## Aim of the exercise
Go through the entries below and copy every line that holds the word "Single".
===== Provided data =====
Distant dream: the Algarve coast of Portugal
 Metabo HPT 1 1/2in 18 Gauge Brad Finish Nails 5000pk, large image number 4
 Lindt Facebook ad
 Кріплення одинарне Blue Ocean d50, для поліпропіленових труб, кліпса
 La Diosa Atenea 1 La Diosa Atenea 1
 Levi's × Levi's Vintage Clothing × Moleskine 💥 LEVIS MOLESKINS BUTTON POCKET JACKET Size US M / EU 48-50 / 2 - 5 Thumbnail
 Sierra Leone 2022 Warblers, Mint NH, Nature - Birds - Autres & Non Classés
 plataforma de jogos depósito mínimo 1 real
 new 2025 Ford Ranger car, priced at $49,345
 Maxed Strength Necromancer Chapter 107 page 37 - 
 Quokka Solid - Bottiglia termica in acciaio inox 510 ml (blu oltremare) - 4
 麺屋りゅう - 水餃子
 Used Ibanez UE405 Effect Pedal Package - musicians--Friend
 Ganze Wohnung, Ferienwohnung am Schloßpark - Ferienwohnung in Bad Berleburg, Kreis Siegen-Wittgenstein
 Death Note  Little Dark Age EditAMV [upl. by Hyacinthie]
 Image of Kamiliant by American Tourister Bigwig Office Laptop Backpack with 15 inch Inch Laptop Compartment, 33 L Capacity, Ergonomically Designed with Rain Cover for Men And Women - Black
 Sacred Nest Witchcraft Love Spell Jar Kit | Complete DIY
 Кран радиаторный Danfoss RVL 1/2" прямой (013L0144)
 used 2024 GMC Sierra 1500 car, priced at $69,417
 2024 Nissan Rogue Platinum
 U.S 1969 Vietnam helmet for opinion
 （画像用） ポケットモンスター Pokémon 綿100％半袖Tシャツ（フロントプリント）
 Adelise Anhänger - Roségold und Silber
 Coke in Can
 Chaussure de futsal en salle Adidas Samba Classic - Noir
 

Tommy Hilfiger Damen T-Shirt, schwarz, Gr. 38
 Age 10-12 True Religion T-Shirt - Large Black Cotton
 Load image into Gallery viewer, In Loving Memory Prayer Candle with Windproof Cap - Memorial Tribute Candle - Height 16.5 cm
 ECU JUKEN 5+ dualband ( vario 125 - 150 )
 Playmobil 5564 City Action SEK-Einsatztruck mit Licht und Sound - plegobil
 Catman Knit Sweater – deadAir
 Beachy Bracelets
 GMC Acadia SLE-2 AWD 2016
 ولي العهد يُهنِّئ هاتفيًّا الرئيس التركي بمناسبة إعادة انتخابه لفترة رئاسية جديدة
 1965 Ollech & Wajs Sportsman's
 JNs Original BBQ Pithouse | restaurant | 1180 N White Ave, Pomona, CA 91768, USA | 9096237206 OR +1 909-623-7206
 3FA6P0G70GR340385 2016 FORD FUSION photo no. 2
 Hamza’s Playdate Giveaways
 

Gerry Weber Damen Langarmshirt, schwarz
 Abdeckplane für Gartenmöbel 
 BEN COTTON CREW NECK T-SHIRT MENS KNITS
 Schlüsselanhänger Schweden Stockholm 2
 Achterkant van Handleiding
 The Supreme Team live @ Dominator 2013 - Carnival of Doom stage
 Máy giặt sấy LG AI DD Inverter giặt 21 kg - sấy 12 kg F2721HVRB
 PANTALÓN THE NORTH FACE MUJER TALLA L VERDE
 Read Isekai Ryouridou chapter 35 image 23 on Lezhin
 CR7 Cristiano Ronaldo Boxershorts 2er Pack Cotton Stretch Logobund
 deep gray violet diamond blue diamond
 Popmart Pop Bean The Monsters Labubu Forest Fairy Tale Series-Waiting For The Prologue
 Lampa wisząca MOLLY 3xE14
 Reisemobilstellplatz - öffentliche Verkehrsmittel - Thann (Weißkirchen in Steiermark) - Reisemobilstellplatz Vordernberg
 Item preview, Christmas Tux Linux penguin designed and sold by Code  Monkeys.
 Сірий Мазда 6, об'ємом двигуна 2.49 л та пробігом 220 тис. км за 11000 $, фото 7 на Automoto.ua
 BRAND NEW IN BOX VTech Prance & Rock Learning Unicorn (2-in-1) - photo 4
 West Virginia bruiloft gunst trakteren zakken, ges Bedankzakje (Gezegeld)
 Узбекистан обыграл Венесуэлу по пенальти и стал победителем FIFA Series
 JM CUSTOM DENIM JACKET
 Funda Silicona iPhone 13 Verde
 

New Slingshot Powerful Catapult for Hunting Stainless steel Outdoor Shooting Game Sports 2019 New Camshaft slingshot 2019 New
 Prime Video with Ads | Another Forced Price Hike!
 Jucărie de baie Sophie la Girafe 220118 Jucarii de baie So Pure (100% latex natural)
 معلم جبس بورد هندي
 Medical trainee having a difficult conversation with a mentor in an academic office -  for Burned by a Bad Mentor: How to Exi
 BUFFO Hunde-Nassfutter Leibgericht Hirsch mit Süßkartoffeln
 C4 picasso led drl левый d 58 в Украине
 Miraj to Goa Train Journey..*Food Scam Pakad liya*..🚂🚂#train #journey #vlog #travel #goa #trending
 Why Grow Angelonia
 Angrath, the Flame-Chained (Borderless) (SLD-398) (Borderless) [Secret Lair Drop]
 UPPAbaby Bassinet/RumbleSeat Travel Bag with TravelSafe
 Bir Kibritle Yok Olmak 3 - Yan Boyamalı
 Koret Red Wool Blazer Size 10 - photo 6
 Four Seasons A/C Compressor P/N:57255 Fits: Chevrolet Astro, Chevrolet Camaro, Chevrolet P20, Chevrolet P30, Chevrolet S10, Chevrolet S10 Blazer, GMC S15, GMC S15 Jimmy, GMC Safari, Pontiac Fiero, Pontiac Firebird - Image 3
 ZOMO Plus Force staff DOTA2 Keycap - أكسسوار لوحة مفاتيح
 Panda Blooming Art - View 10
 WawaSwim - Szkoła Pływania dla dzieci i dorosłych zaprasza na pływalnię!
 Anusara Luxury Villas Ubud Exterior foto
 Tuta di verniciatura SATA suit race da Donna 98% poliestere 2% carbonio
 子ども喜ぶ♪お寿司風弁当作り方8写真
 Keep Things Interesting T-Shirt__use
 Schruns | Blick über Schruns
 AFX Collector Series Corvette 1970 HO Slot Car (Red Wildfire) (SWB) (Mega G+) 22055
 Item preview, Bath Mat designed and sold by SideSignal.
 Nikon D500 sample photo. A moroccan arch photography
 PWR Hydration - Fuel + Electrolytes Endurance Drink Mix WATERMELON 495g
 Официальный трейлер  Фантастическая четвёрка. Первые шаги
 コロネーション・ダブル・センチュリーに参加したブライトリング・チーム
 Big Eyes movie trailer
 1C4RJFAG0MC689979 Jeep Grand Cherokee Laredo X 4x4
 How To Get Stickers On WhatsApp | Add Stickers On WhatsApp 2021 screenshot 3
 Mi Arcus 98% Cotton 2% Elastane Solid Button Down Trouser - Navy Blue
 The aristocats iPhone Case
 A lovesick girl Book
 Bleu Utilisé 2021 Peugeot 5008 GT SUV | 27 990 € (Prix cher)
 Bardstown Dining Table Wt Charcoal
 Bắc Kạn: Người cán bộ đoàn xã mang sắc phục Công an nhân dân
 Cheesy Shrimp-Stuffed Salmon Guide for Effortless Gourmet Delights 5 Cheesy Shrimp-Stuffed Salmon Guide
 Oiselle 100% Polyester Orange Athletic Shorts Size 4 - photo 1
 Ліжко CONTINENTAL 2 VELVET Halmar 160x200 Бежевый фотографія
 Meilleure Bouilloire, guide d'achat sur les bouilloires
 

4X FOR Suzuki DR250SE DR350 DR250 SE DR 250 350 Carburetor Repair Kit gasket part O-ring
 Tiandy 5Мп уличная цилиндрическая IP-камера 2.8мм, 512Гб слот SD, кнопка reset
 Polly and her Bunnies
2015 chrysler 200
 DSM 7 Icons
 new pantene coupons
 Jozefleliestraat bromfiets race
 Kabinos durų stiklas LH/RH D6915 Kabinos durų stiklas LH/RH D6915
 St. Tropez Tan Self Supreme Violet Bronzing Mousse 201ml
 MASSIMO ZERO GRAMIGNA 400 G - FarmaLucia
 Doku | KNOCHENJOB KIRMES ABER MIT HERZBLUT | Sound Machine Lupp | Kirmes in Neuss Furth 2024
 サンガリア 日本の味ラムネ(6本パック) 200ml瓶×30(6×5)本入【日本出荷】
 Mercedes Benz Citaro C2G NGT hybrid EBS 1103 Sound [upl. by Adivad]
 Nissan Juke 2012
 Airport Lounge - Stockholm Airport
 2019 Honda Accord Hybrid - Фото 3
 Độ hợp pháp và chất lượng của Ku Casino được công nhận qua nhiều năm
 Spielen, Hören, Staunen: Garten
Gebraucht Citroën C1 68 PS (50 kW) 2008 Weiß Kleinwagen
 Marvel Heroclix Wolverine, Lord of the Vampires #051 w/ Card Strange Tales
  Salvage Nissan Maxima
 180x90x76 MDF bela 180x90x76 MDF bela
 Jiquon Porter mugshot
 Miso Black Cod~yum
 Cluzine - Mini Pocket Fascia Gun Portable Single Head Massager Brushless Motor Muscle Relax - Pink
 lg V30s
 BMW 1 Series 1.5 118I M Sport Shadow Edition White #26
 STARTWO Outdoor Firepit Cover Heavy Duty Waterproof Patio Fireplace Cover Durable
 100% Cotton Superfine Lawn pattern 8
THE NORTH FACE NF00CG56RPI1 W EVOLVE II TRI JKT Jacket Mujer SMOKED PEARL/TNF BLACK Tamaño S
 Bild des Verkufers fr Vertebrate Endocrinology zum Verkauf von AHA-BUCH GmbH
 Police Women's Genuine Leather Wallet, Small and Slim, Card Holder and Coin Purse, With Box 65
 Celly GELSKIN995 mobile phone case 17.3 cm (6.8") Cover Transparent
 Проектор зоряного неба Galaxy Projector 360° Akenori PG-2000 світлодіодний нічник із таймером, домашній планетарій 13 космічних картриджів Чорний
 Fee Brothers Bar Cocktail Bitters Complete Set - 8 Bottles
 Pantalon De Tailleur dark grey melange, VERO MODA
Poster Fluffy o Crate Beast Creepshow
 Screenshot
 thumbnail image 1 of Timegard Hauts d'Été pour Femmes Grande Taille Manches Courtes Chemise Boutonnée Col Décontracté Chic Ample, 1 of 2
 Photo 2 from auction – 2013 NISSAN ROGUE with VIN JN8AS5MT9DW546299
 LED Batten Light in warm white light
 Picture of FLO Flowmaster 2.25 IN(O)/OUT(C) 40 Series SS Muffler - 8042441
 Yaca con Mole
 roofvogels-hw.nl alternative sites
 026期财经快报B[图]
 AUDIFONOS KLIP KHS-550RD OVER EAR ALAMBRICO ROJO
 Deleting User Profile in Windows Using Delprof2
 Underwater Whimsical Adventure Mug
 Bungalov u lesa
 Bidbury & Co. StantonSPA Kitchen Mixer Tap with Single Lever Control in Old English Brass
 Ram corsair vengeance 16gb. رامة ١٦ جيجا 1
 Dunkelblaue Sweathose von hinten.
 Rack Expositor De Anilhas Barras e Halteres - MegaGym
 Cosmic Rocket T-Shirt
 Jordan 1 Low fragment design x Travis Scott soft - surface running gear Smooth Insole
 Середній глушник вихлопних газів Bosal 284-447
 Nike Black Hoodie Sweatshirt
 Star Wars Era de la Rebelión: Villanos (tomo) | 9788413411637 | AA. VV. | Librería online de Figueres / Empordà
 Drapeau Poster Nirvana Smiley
=====
## Result below
 Cluzine - Mini Pocket Fascia Gun Portable Single Head Massager Brushless Motor Muscle Relax - Pink
 Bidbury & Co. StantonSPA Kitchen Mixer Tap with Single Lever Control in Old English Brass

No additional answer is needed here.